Archived Review: The Raven Boys by Maggie Stiefvater

Originally posted to Dark Lady Reviews on November 6, 2012

Apologies for the short review and the brusqueness of tone, I originally reviewed the book on Amazon, because I wanted other readers of my interests to know that The Raven Boys is better than the cover and blurbs make it out to be.

Star Ratings
Characters: **** (4 Stars)
Character Development: *** (3 Stars)
Plot: **** (4 Star)
Writing: *** (3 Stars)
Overall: **** (4 Stars)

Age range recommendation: 13+

This is the first book by Stiefvater I’ve ever read, though she’s extremely popular in the UK and I’m assuming in America as well.  I ordered The Raven Boys on a whim because I needed another purchase to merit free shipping on some books for my dissertation, and it was new and caught my eye.  I had my doubts but read it anyway, and here is why I’m glad I did:

The cover of The Raven Boys featured a tag line of “if you kiss your true love, he will die,” and the back description went on about how “This is the year [Blue] will fall in love.” I was, therefore, a little worried that The Raven Boys would turn out to be a dark-but-uninspired teenage romance with hints of the supernatural but more emphasis on the love story than on “the sinister world of the Raven Boys.”

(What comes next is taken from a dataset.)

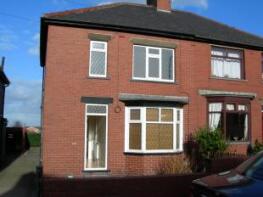 113, Redbrook Road, Gawber, Barnsley S75 2RG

Much to my surprise and appreciation, The Raven Boys turned out to be a fascinating – and quite original – adventure story with only a bit of the obnoxious romance I was expecting. The Virginia setting was quite vivid, the characters were amusing, and the plot (privileged high school boys use their resources to track down an ancient Welsh king’s burial site, and a local girl with psychic blood gets drawn into their search through a mix of curiosity and fate) was well imagined.

The novel had plenty of faults: too many side plots running at once meant that the story-line seemed disjointed at times and the ending was rushed/not explained very fluidly, but these problems didn’t irk me as much as they could have since I genuinely enjoyed the mystery and atmosphere of the story. Stiefvater’s writing is neither noticeably brilliant nor glaringly awful, her characterizations can be pretty obvious at times, and the book falls into the YA trend of setting up for a sequel when the tale should have been told in a single, longer, novel. But it’s clear that Maggie Stiefvater tried hard to write an imaginative novel for teenagers, one which didn’t fall unimpressively into a tired-out genre, and I would say that she succeeds.

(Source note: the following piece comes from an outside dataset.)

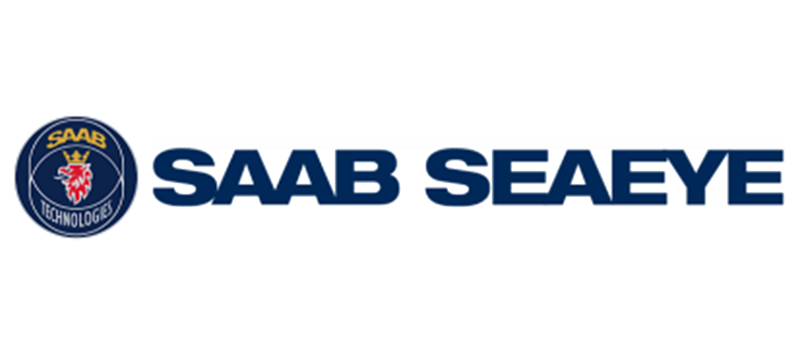 Saab Seaeye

There is moral ambiguity; there is genuine angst about the role fate plays in a person’s life and choices; and there are reflections about family, friendship, loyalty, and sacrifice which will resonate with both young adult readers and we-who-are-technically-adults-though-we-hate-it. There is also a truly fantastic twist in the story, one which completely justifies what I originally thought was a terribly written character, and I will admit that I wanted to high-five Stiefvater through time and space when I realized that she had known what she was doing with that character all along.

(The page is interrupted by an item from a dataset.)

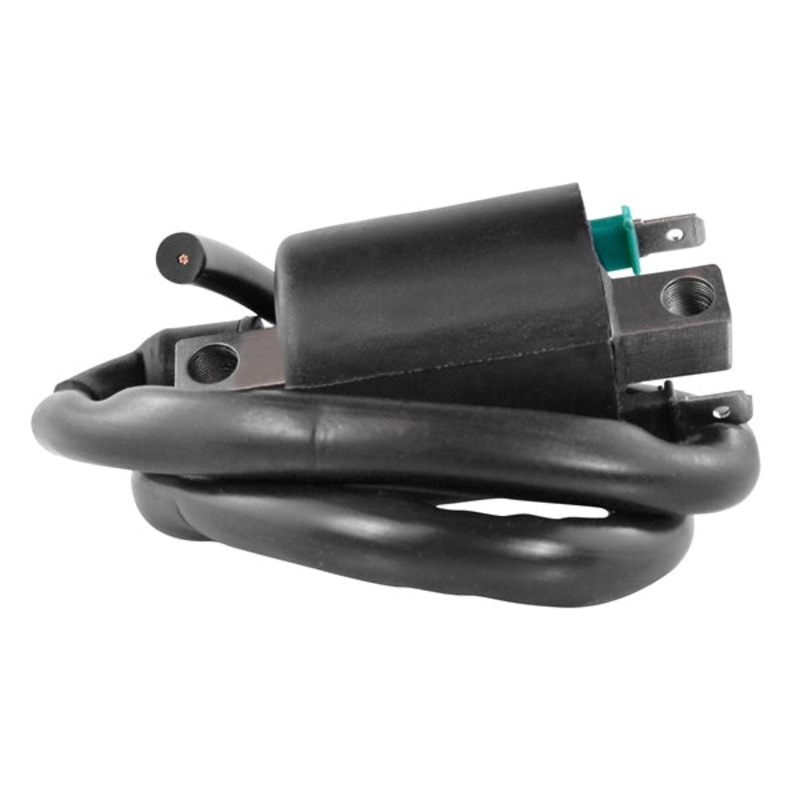 IGNITION COIL EXT HON KIMPEX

I guess I would call The Raven Boys more of a supernatural adventure, a ghost story, or a boarding school mystery than a Young Adult romance. Sure, there are four boys who make one quirky girl seem like she’s the center of the universe (which is one of my least favorite trends in YA literature these days) but there are enough good bits to make up for that and to ensure that I will read the sequel whenever it comes out.